Traditionally (when we were living at Grand Central Starport in San Jose) it was called the "It's Green" party, since the day after Colleen's birthday is St. Patrick's Day, and we served Green Rooster beer along with corned beef and cabbage. Green Rooster is no longer available; since it little to recommend it except its color, I don't miss it. But I miss the potluck parties we used to have. And it doesn't feel right to only be celebrating one birthday this week.

mdlbear: (river)

Twenty-two years ago yesterday I wrote a song for Colleen. I sang it this morning, and got to the end without falling apart too badly to keep singing. Close, though. I've posted about it before, so go there or the song page for lyrics. I finally did get some audio up; see the song page for that, too.

So here's Eyes Like the Morning again. You'll probably be seeing it a few more times this year. Not sorry about that.

mdlbear: (river)

More specifically, what the heck have I done in the last year? It occurred to me that last year's New Year's Eve post was mostly about what I failed to do last year. That fits my mood way too well, but it isn't good for me. There's a reason why my "done since" logs include entries for things I hadn't planned. I'll try not to bore you with statistics, though. I'll mostly just try to remember.

So, in no particular order,

  • I took care of Colleen.

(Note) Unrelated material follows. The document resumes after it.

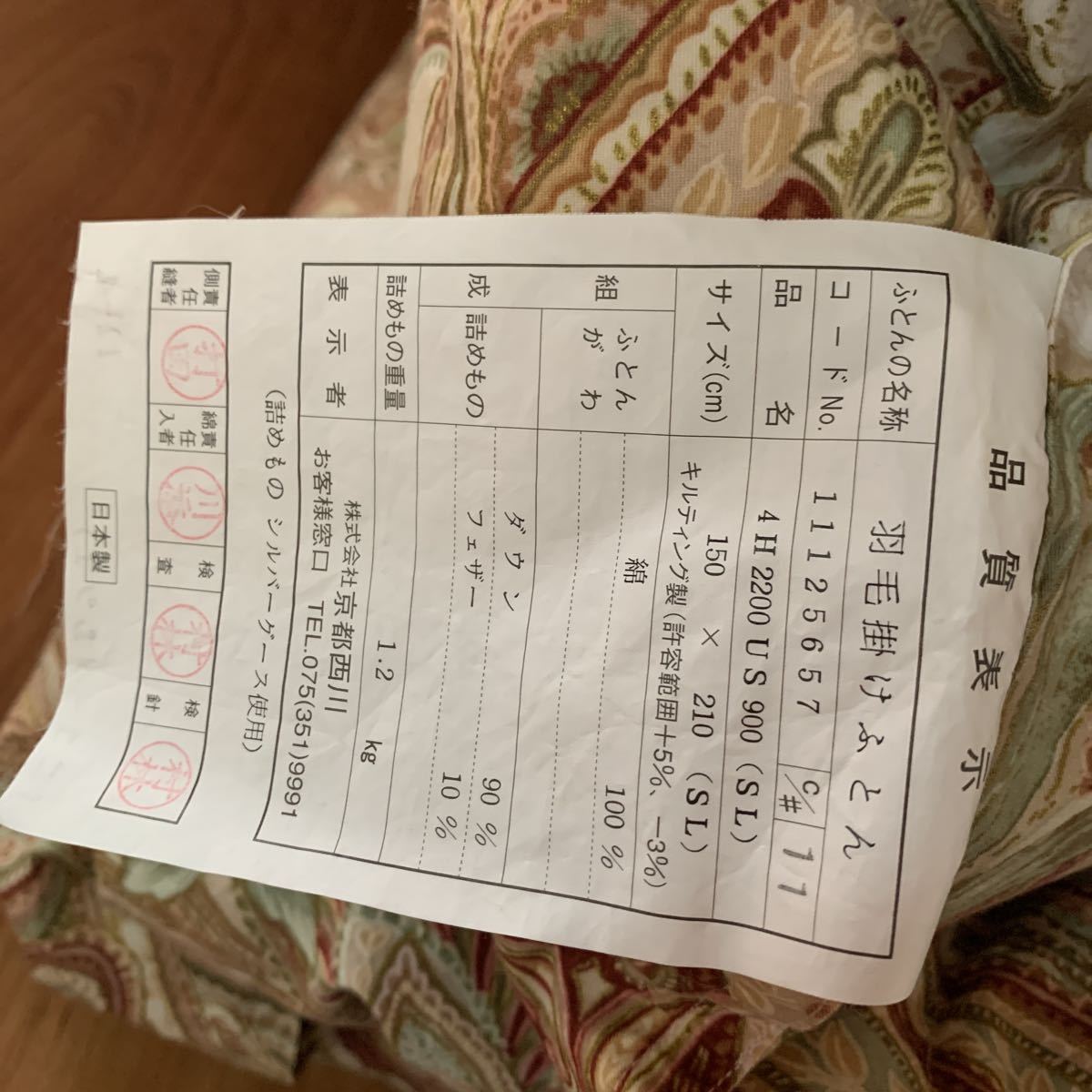 送料無料 京都西川 スターキャンドル 羽毛掛けふとん シルバー 送料無料 京都西川 スターキャンドル 羽毛掛けふとん シルバー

That needs a little qualification, since she spent all but two weeks out of April, May, and June in one hospital or nursing home or another. And not all of them permitted visitors. But I hope I helped her keep her spirits up, and I was with her at the end. And it involved doing things so far out of my comfort zone that I couldn't even see my comfort zone without binoculars.
  • I did a lot of related stuff after she passed, though it doesn't really feel like a lot, and I'm not going to make a list.
  • I got through the holidays, without Colleen: Halloween (always a big one in our household), Thanksgiving, Solstice, New Year's, and I'm going to count our anniversary on this January 3rd because that's the main reason we used to have a big party around New Years.
  • I wrote some tutorials for Linode: "How to Resolve Merge Conflicts in Git", "Using the Git Rebase Command", and "Use GNU Make to Automate Tasks". (There were some others but they don't seem to be on the site yet.)
  • I wrote a few memoir posts, though not as many as I wanted to..
  • I worked on the Going Sideways blog with Naomi. (Most of my part has been this year, of course, but some of it wasn't, including some photo shoots.)
  • I didn't catch COVID-19, or anything else for that matter. I occasionally have to remind myself that that should count as doing something. Like getting vaccinated and boosted, tracking down N95 masks, and mostly staying home.
  • Putting the boring statistics at the end, I wrote 107318 words in 170 posts here on Dreamwidth. Of those 170, 37 were tagged "colleen", and 61 were not the regularly scheduled "Done since", "Thankful", and "Rabbit-Rabbit" posts, so I somehow averaged more than one a week of those even though I didn't think I had. I had originally written "not nearly as many as I'd hoped to," but apparently I hit my goal for the year -- at least one/week -- without realizing it.